The output is the line containing "OX 2.8mm Mechanical" plus every later line down to the end of the listing below, copied exactly. No pictures belong in it.

▸ EXERCISE DATA
____
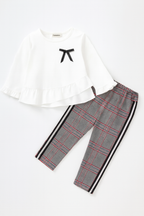 Fennco Styles - Ruffle Layered Blouse & Grey Tartan Pant 2pcs Girl Outfit: 1-2T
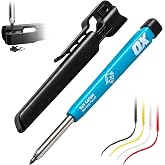 OX 2.8mm Mechanical Carpenter Pencils with 4 Leads &amp; Sharpener | Heavy Duty Construction Pencil, Carpentry Marking Pencil for Woodworking, Site Holster, Red, White, Yellow, &amp; Graphite Leads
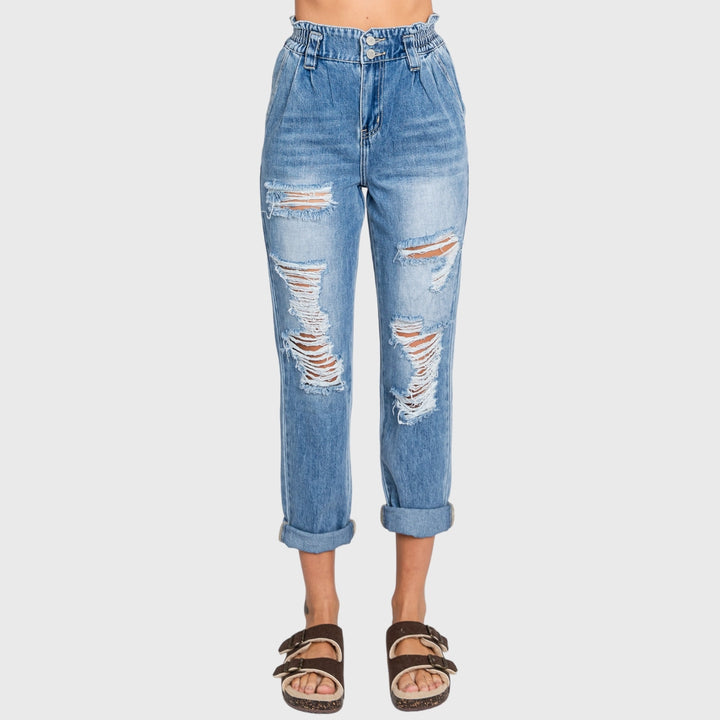 Winona High Rise Paper Bag Mom Jeans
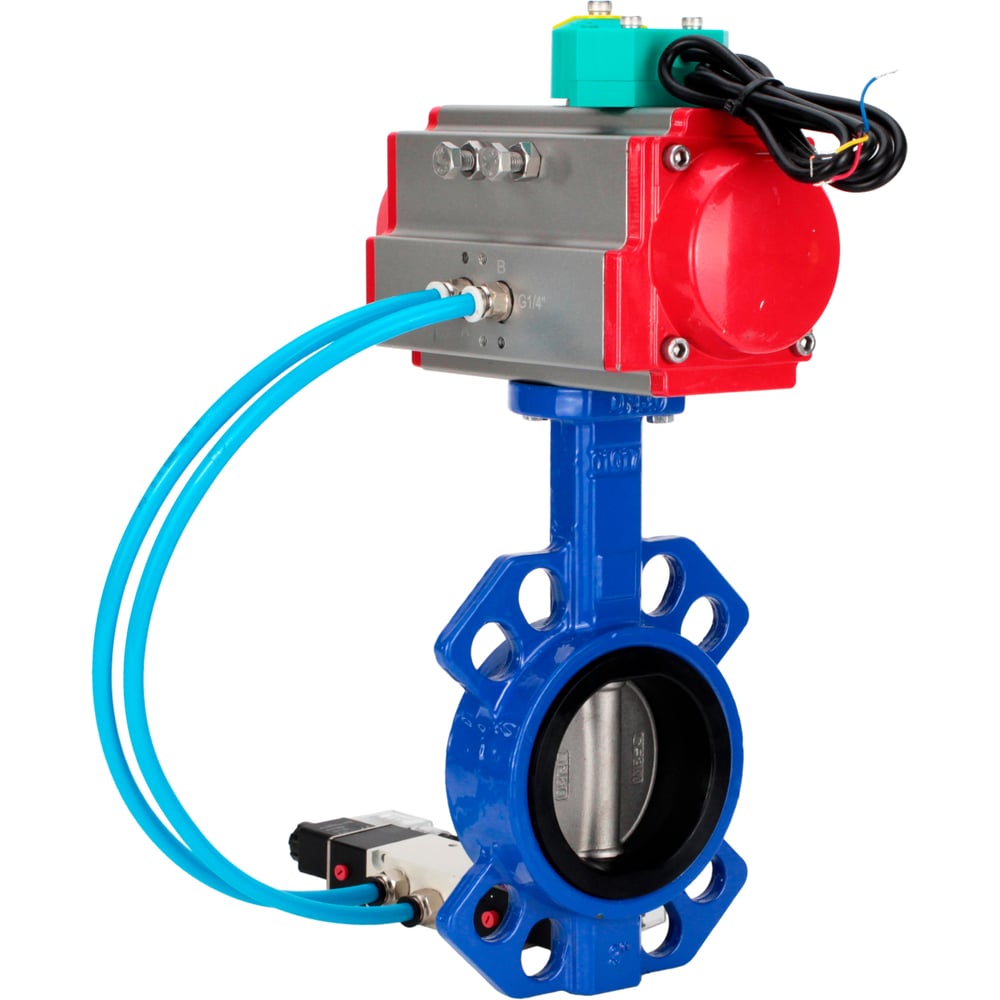 Изображение товара Затвор дисковый DN.ru GGG50-316L-EPDM Ду80 Ру16 с пневмоприводом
____
▸ TASK SOLUTION
 OX 2.8mm Mechanical Carpenter Pencils with 4 Leads &amp; Sharpener | Heavy Duty Construction Pencil, Carpentry Marking Pencil for Woodworking, Site Holster, Red, White, Yellow, &amp; Graphite Leads
 Winona High Rise Paper Bag Mom Jeans
 Изображение товара Затвор дисковый DN.ru GGG50-316L-EPDM Ду80 Ру16 с пневмоприводом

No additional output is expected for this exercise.